Lack of progress on cybersecurity from Congress – This is a story that actually started in 2012, but the situation got no better this year. One CIO said lawmakers’ inability to find common ground led to the White House’s cyber executive order. It was one of the few positive outcomes because of the lack of action by the Hill. At the same time, the administration worked most of the year to get agencies set up to implement continuous diagnostics and mitigation (CDM) as part of its move to dynamic and away from static cybersecurity. That will make 2014 a big year for cyber improvements. One CIO said agencies “need better ways to stay ahead of the bad guys and more training in because we are losing the battle.” The most obvious examples of those battle wounds are the attacks and cyber problem at the Energy and Veterans Affairs departments that came to light this year.
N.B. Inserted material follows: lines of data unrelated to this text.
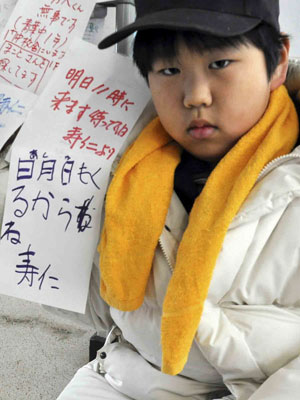 Toshihiko Aisawa, de 9 anos, percorre abrigos com placas com nome dos pais, da avó e dos primos, que foram levados pelo tsunami (Foto: Kuniaki Nishio/AP)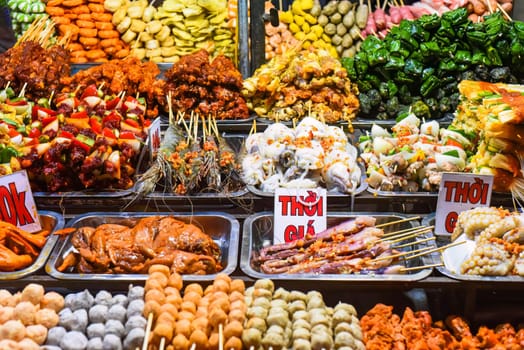 Many snacks and seafood in vietnamese night market with signs with vietnamese text "time, price" translation
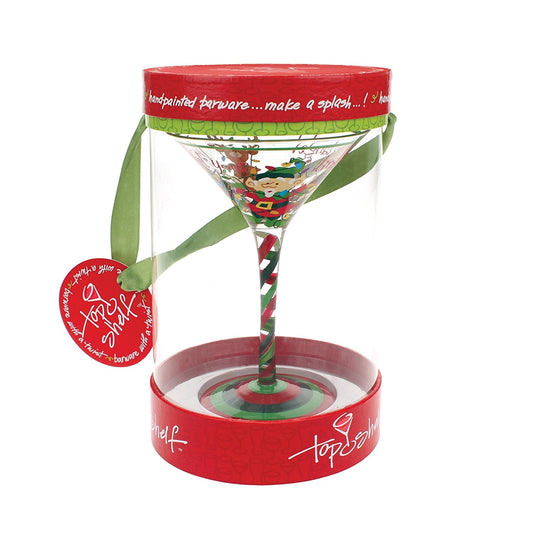 Hand-painted holiday mug with red rim and green ribbon bow, featuring elf character and striped stem, red circular tag attached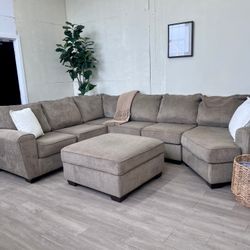 Fast Delivery Available — Bernie & Phyl's Taupe Modern U Sectional Couch w/ Cuddle Corner & Storage Ottoman Set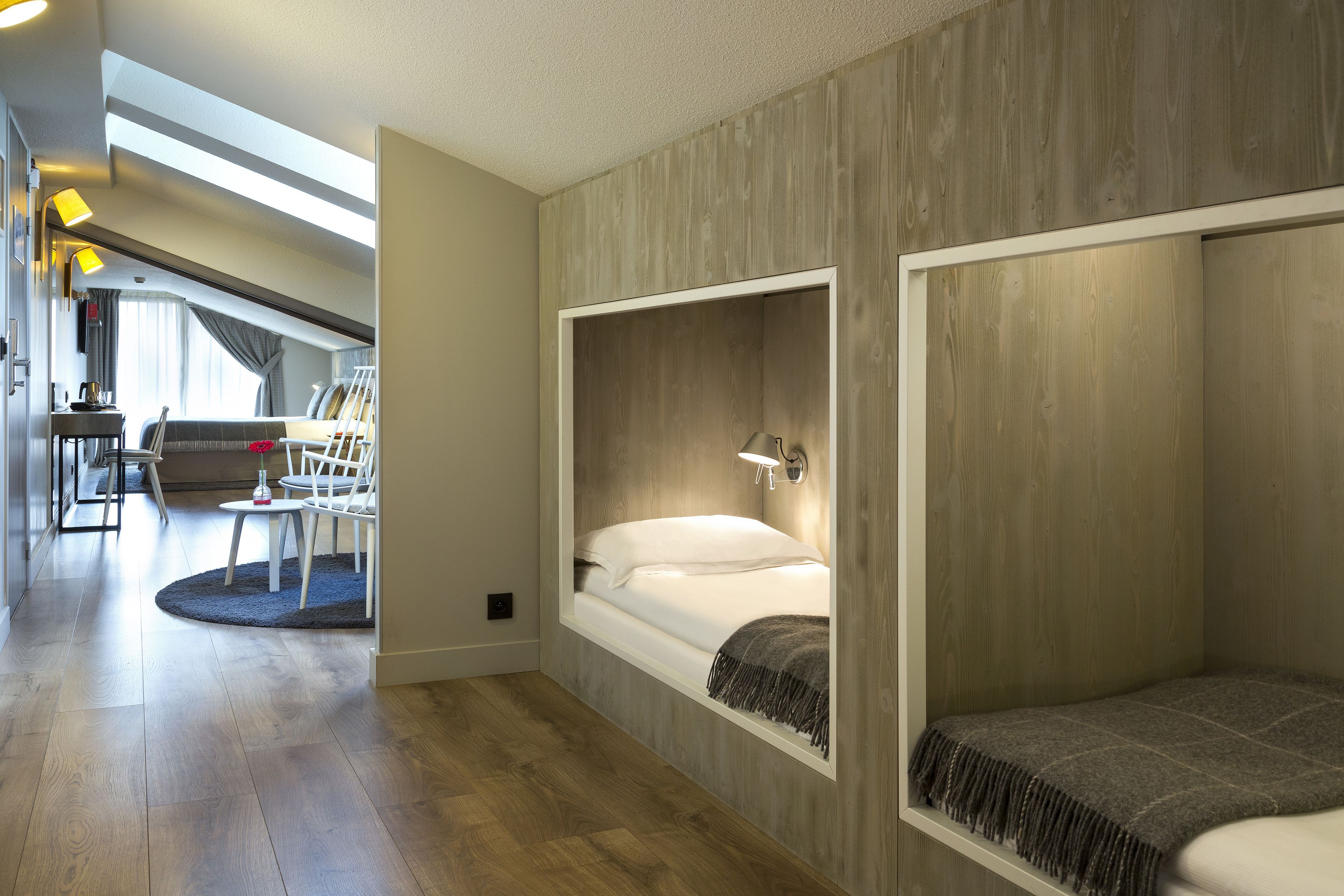 Een moderne hotelkamer met een hoogslaper, een bureau en uitzicht op de stad.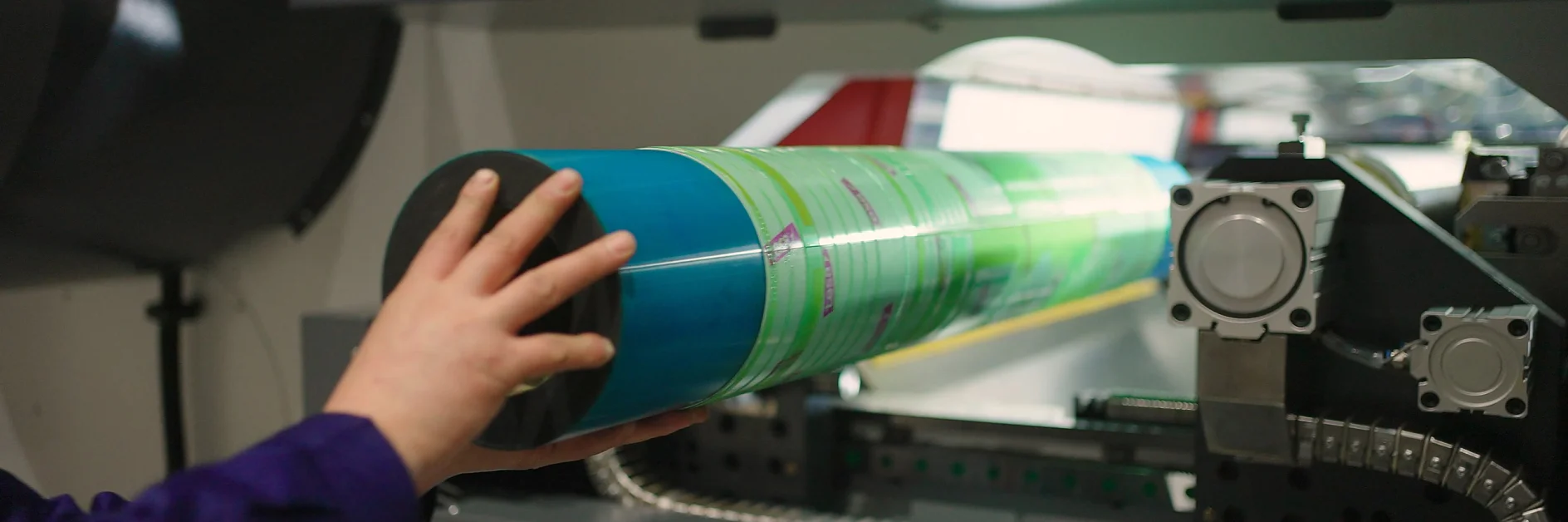 A person places a cylindrical green and blue printing plate into a large printing machine using tesa tape. The machine features various buttons and indicators. The setting seems to be in an industrial or manufacturing environment. (This text has been generated by AI)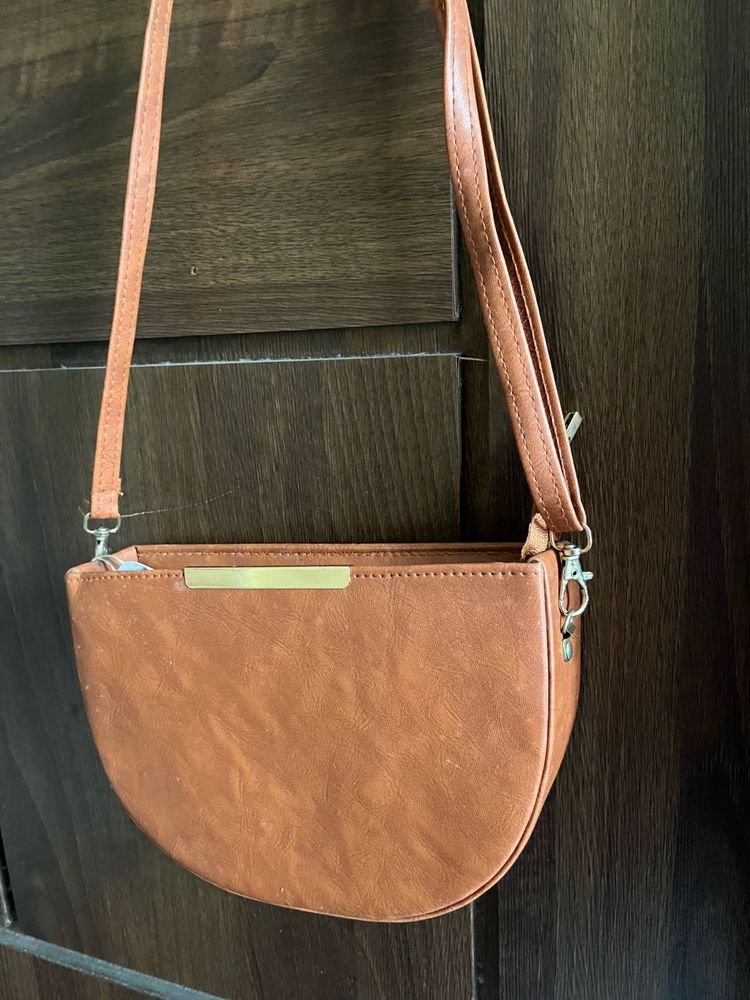 Tan brown half moon sling bag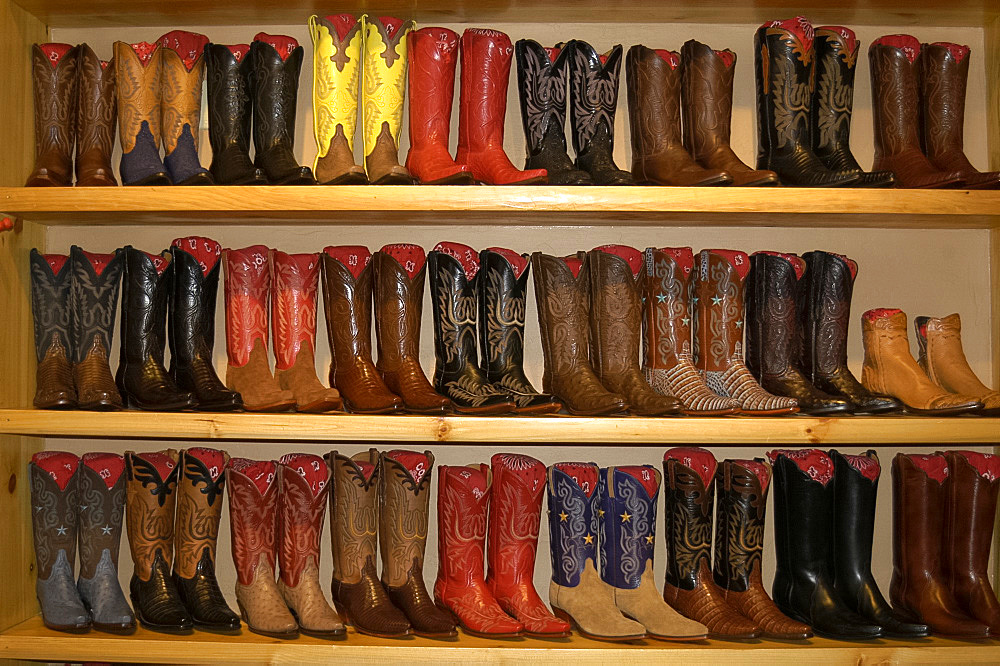 Display of ornate cowboy boots in a shop in Aspen, Colorado, USA, North America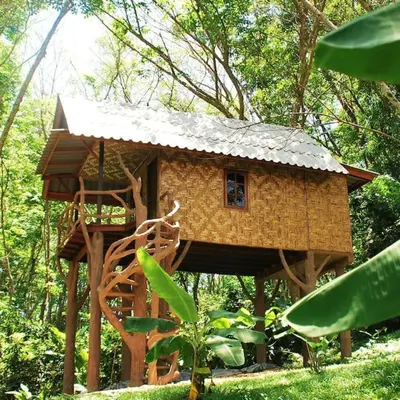 a small tree house in the middle of a forest at Treehouse Holidays-Love Nest in Ko Yao Noi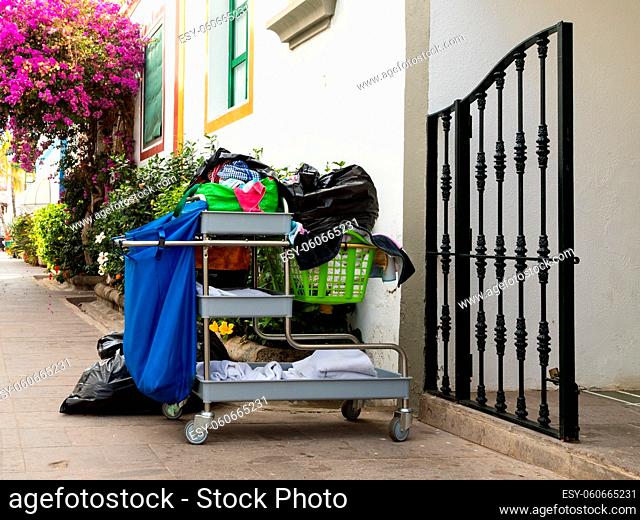 Cleaning trolley with tools and towels, standing outside a gate in the street, with colorful flowers in the background. Puerto de Mogan, Gran Canaria in Spain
Changing roles of CIOs – This could easily be tied to the HealthCare.gov and FITARA conversation. But a couple of executives made interesting points around the move by OMB to give CIOs oversight over commodity IT and the increased need for collaboration to around issues such as open government, PortfolioStat 2.0 and the second term management agenda. In fact, OMB earlier this year created a new CXO Collaboration Team to help break down any artificial barriers. Add to that the mandate to seriously consider shared services, especially around financial management, and the move to the cloud, CIOs’ role will continue to evolve. As an aside to the changing role of the CIO, the poor reaction by the White House to the HealthCare.gov debacle and not providing political cover for the Health and Human Services and Centers for Medicare and Medicaid Services CIOs and, what one source called the “defenestration” of former DHS CIO Richard Spires, didn’t sit well with many senior technology managers.